§ **What you will do**: What you write should match, word for word, the lines from the one containing "Picture of Party Don" through the end of the data, with no pictures.

------------------------------------

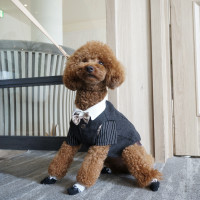 披露宴会場では愛犬も自由に歩いていました。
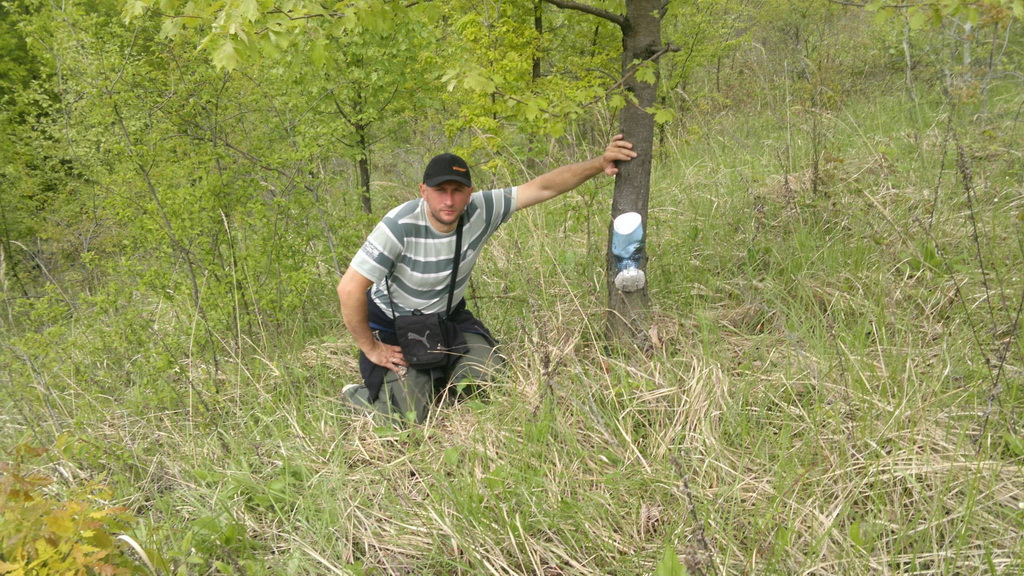 Postavljanje solišta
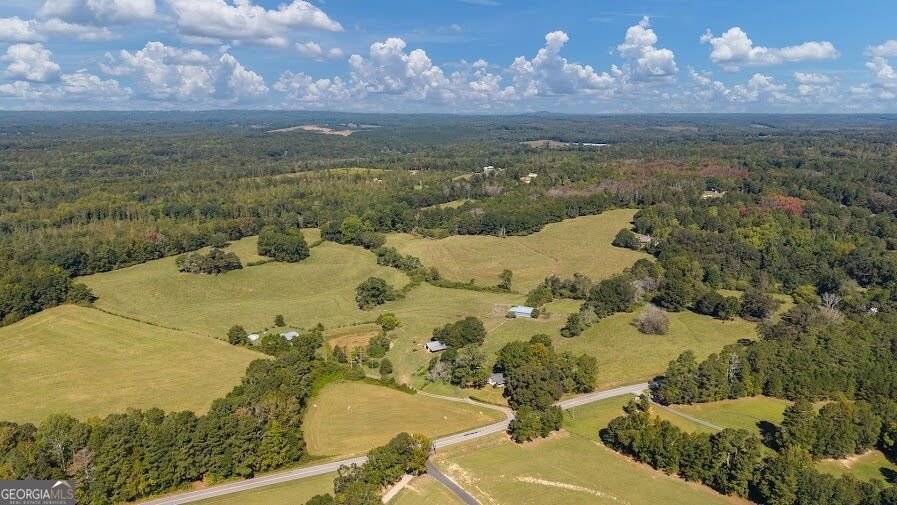 880 Burwell Mount Zion Road Carrollton - Photo 20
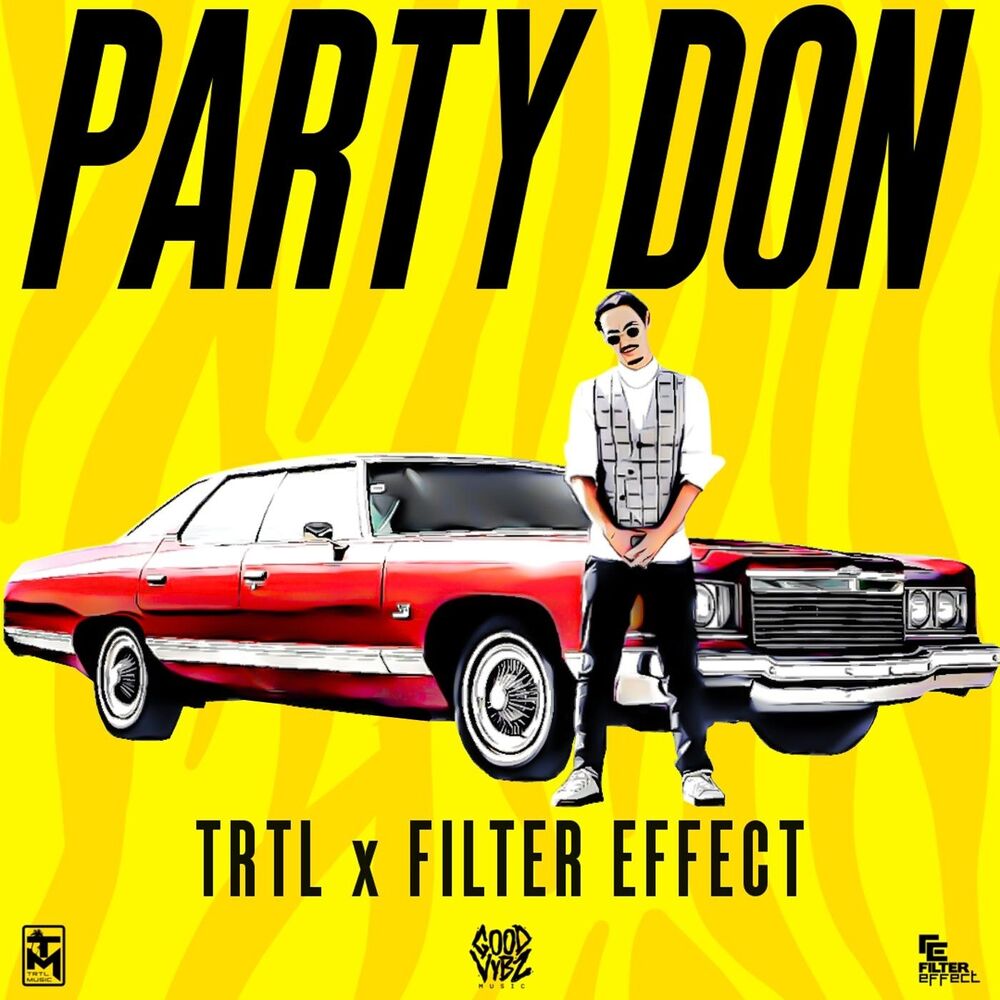 Picture of Party Don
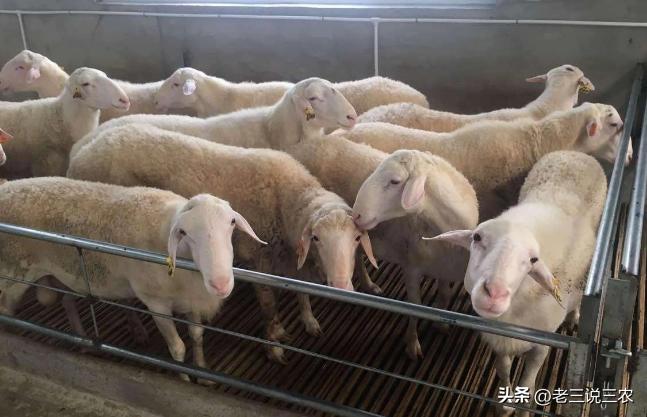 养羊50只第二年能赚多少钱,养羊能年入200w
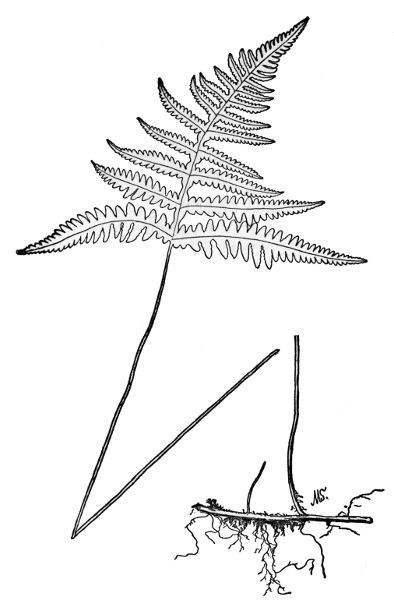 PLATE XXXV
BROAD BEECH FERN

------------------------------------

§ **Exercise result**:
 Picture of Party Don
 养羊50只第二年能赚多少钱,养羊能年入200w
 PLATE XXXV
BROAD BEECH FERN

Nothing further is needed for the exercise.